Reproduce all the lines below exactly and omit the images.

=== Begin Enclosure ===

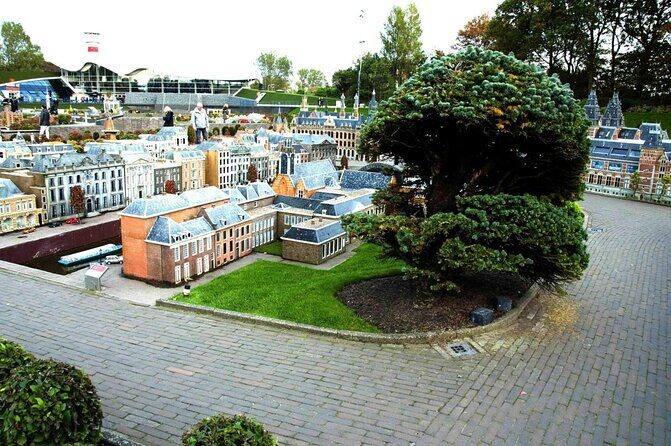 privatetour Delft, The Hague&Rotterdam Kinderdijk from Amsterdam - Mauritshuis moment and the art you can recognize instantly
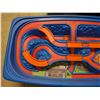 Image 3 : Step 2 Hot Wheels Car and Track Play Table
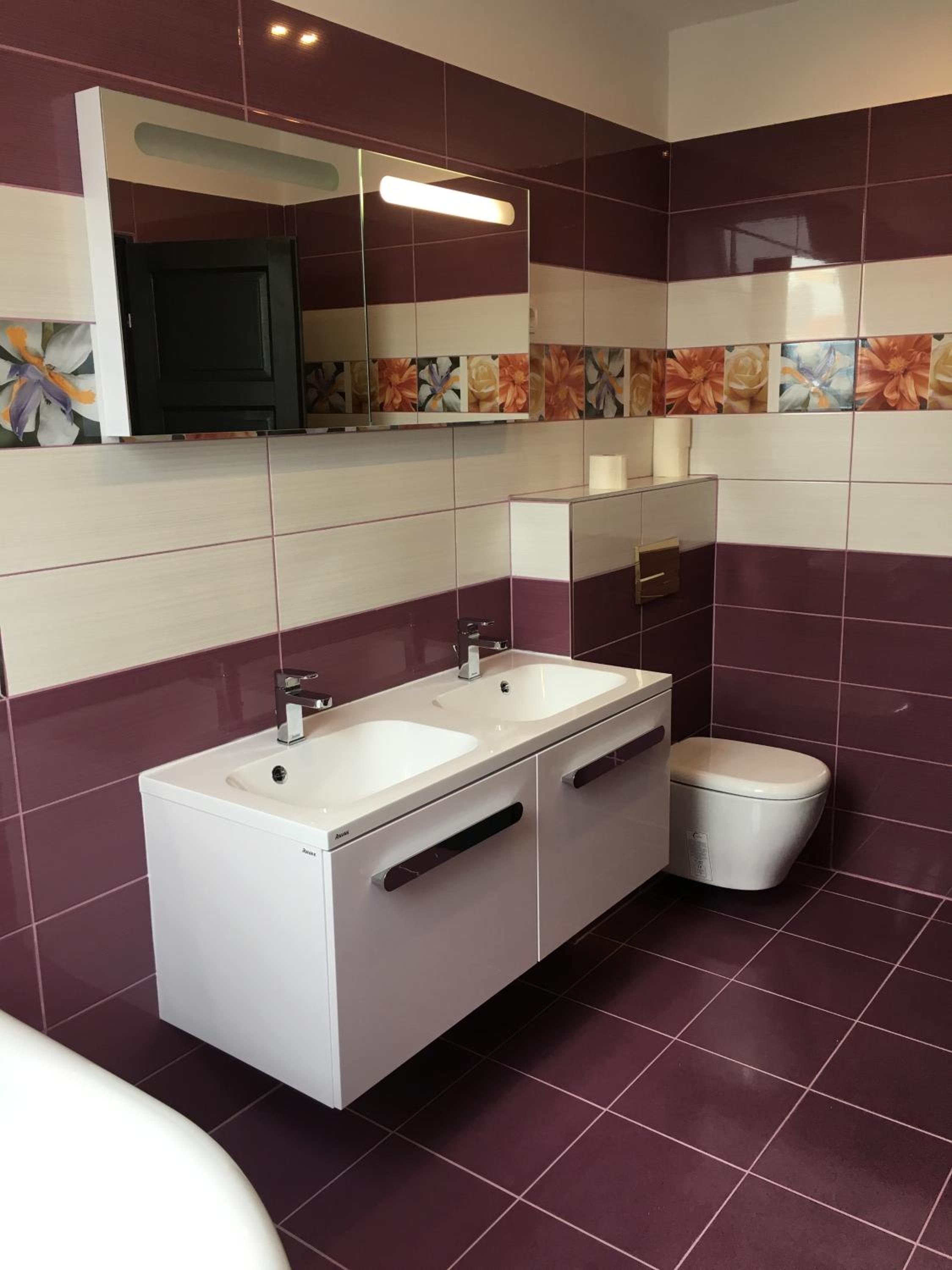 Queen Suite with Spa Bath - Photo 3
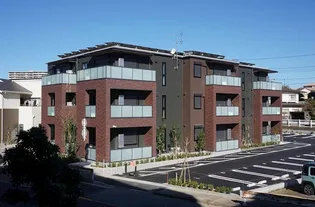 ポルト・ボヌール【2階】の外観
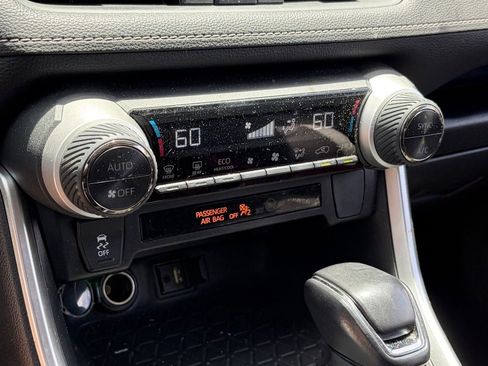 Used 2019 Toyota RAV4 XLE Premium FWD image 11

=== End Enclosure ===

Answer for the task:
 privatetour Delft, The Hague&Rotterdam Kinderdijk from Amsterdam - Mauritshuis moment and the art you can recognize instantly
 Image 3 : Step 2 Hot Wheels Car and Track Play Table
 Queen Suite with Spa Bath - Photo 3
 ポルト・ボヌール【2階】の外観
 Used 2019 Toyota RAV4 XLE Premium FWD image 11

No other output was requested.